La medida

Yo, que fui abuela tempranamente, aún mantenía en las escala de mis cosas importantes las presunciones propias de la juventud. No había un espejo donde no me mirara para ver si estaba en la línea de lo que la estética del momento exigía.

Mi nieto, a la sazón preadolescente, me dijo un día que por qué me miraba tanto al espejo, así que aproveché para preguntarle, ya que los niños suelen carecer de filtros y te dicen la verdad. ¿Cómo me ves, gorda o flaca? Él me contestó “Un poquito gorda y un poquito flaca“. Seguí entre risas y continué. ¿Me ves joven o vieja? Él me contestó «Un poquito joven y un poquito vieja». Vas para político, le contesté ante ese ejercicio de diplomacia. Lo cierto es que, a lo largo de mi vida, he recordado esto porque ciertamente la medida es lo que determina si nuestras prácticas son o no acertadas, si son o no oportunas, si favorecen o no la buena convivencia. Ahora da en llamarse inteligencia emocional.

En todos los órdenes de la vida y más en el político, cobra una relevancia extrema, porque de esa medida de la que voy a estirar el chicle de mi artículo, depende el bienestar presente y futuro de todos los ciudadanos. Nos servimos para encontrar la dichosa medida, del diálogo, de la conciliación, concesiones y renuncias que hacen que caminemos un poco menos crispados. Cuando el dialogo no es acercamiento de posturas, sino imposición, ya no estamos por la medida que a todos nos hace ganar un poquito.

Es el caso de este Gobierno forzado por los acuerdos de su gobernabilidad. Nos ha puesto en una caótica situación que abarca todos los aspectos de la vida, hasta los más íntimos. Si se hubiera buscado la medida en inmigración, no tendríamos en riesgo nuestra propia identidad como Patria, ni la Cristiandad. Si se hubiera hecho en economía, tampoco estaríamos con tan alto nivel de pobreza. Si se hubiera buscado el trato igualitario a la mujer para las oportunidades, no estaríamos enfangados en competencias y enfrentadas con los que han de ser nuestros compañeros y que antes fueron nuestros padres.
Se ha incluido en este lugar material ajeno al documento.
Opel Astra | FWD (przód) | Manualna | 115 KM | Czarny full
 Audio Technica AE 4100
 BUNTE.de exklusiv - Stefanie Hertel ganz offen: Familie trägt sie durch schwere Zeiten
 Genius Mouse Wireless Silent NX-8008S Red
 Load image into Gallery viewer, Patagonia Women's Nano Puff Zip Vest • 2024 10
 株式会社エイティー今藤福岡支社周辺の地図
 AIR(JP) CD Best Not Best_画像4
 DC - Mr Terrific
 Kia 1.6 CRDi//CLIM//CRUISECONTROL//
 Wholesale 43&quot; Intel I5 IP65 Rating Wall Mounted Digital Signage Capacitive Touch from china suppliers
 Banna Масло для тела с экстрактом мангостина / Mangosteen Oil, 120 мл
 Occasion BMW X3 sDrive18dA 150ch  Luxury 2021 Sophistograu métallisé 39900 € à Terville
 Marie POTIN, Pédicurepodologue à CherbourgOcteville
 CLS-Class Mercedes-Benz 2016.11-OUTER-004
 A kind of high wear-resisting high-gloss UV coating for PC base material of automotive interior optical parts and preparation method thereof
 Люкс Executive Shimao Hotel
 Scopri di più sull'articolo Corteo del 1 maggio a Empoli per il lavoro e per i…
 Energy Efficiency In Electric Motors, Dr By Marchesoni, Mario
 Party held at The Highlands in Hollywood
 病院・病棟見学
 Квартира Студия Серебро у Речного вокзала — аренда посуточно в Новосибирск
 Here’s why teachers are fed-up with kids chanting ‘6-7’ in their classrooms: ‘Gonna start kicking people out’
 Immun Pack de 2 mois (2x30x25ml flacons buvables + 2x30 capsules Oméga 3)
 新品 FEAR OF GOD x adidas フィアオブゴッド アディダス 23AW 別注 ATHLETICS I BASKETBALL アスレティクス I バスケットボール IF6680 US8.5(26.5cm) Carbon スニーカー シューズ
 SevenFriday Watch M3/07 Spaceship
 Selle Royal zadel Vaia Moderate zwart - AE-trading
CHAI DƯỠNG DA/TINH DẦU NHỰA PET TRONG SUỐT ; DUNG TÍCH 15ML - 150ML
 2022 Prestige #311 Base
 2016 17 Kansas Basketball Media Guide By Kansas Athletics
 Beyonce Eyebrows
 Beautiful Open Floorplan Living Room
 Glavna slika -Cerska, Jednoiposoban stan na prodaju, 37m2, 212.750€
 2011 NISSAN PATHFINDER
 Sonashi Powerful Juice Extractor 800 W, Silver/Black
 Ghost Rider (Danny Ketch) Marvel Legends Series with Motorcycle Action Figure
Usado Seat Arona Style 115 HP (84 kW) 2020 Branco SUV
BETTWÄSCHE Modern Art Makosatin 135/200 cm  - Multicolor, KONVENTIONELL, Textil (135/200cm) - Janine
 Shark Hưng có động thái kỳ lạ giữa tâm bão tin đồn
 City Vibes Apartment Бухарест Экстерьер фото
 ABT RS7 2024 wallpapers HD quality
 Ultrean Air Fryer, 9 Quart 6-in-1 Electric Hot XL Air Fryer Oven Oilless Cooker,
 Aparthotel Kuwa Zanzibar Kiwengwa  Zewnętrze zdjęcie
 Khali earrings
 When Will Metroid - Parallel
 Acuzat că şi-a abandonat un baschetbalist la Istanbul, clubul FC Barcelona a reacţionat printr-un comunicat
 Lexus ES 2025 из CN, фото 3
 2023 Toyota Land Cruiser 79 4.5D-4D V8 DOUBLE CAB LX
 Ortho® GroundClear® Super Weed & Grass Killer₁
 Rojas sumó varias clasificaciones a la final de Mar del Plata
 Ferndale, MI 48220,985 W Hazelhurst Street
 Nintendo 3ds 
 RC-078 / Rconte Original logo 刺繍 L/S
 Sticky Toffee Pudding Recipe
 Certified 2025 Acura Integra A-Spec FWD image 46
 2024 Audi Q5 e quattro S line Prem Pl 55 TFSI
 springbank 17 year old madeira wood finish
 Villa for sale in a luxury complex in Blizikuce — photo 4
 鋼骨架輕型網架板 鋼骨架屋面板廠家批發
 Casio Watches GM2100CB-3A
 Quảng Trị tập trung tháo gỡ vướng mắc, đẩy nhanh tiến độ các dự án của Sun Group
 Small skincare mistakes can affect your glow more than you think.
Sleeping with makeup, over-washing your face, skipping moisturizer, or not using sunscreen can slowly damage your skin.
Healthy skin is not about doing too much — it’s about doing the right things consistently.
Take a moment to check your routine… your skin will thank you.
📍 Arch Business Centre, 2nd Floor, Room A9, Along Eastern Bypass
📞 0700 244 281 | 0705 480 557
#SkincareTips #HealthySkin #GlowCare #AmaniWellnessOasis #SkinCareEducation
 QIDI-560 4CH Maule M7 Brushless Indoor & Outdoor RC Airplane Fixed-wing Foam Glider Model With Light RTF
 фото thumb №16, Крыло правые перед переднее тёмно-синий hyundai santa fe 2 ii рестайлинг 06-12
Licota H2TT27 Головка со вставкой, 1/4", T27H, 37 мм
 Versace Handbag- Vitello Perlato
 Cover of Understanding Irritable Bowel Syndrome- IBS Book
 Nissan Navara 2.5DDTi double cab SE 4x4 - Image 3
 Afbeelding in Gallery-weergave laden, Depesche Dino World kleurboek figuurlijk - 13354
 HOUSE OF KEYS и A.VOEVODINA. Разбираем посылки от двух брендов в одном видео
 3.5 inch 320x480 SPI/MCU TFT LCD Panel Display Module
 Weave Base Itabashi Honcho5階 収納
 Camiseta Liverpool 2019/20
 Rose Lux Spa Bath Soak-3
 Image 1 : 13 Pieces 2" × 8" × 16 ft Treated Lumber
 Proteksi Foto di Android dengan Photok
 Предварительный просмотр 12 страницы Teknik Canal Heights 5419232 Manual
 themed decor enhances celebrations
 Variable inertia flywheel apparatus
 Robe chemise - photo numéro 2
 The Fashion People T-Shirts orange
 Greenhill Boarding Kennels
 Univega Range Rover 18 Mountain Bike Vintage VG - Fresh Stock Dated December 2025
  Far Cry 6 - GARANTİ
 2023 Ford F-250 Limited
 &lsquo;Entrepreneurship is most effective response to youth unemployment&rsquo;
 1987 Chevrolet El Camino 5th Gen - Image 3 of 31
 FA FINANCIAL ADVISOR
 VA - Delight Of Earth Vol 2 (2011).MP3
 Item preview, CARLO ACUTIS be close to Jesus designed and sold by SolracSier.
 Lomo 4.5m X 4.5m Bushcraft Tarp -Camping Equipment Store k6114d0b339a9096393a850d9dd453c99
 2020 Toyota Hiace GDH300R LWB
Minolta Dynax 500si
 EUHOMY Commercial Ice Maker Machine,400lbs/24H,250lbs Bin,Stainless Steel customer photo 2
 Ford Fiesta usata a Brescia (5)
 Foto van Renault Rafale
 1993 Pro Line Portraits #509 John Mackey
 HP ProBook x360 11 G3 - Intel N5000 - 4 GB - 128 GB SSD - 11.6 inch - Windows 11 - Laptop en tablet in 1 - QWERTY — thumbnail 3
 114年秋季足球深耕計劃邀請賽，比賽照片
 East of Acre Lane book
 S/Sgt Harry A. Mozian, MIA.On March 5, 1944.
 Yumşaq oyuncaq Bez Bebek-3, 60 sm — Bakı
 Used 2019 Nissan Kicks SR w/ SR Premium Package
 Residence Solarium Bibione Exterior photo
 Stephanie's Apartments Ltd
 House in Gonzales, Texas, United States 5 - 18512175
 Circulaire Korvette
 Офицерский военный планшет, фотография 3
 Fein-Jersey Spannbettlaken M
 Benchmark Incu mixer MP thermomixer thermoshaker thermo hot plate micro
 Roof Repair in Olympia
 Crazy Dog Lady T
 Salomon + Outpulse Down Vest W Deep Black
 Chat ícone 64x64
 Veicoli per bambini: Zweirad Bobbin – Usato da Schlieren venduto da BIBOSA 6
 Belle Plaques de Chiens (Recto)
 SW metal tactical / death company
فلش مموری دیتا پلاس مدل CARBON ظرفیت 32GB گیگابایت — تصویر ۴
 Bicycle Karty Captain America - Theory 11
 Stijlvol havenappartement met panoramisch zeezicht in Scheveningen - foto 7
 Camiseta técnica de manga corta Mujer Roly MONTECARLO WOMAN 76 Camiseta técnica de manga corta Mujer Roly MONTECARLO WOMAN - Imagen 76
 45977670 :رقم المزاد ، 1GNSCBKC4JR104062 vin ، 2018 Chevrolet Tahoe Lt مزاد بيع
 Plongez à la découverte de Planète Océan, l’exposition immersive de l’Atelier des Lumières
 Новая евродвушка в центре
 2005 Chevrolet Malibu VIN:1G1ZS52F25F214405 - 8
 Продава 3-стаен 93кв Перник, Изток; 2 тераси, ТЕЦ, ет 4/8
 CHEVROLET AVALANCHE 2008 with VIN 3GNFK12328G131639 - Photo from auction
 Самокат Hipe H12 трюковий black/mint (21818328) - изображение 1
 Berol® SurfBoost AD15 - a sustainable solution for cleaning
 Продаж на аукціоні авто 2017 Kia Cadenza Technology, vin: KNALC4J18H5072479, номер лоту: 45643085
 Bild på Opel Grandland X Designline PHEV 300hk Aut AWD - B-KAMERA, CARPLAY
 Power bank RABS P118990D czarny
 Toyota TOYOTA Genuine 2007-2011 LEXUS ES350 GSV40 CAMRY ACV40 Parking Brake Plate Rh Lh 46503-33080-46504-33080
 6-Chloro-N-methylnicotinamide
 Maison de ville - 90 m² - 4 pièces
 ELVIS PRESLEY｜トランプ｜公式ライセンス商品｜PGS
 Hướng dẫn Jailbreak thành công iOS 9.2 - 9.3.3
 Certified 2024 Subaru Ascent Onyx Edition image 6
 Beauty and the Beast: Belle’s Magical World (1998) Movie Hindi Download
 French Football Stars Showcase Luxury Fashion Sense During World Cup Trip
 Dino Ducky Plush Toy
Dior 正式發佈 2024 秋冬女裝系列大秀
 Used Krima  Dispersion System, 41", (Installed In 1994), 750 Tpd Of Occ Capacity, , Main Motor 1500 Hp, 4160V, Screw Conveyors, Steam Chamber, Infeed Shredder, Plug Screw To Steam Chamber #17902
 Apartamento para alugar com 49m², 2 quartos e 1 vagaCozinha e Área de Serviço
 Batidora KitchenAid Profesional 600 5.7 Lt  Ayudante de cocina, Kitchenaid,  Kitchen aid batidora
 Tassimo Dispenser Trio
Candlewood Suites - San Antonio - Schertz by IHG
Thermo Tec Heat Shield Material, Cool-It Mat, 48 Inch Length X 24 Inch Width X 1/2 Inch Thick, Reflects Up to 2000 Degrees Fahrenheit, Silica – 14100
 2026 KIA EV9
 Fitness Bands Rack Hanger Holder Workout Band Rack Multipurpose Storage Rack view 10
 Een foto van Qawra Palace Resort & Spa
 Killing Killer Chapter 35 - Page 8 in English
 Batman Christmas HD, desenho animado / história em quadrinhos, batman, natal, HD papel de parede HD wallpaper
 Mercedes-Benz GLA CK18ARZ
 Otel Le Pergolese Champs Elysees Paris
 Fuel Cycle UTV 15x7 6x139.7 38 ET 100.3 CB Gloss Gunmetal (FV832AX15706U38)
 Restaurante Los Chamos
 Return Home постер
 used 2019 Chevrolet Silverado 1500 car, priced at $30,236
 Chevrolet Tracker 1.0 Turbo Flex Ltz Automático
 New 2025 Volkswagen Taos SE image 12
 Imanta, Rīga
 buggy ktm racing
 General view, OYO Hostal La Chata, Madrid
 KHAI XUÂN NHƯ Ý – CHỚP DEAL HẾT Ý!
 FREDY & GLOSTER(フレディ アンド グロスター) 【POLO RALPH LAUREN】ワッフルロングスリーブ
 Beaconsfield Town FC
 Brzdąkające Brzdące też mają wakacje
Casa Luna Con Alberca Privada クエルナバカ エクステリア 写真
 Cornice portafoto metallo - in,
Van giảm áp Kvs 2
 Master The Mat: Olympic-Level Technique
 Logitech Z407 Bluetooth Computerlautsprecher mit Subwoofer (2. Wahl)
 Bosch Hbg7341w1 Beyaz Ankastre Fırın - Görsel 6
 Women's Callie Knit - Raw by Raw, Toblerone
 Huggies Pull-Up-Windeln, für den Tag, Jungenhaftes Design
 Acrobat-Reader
Las consecuencias de este desmadre son nocivas y, ante esto, algunos nos tememos que nuestras libertades democráticas se hayan mermado sensiblemente. La peor herencia que nos va a quedar, no es siquiera la pobreza, es la desorganización mental a la que se nos está induciendo, desde la pubertad. Nuestra estoica resignación es tan clamorosa que a veces pienso que no nos queremos a nosotros mismos. ¿De verdad vamos a aceptar toda esta serie de leyes ,sin consenso, que nos degradan hasta en lo más íntimo de nuestros ser? God Forbid.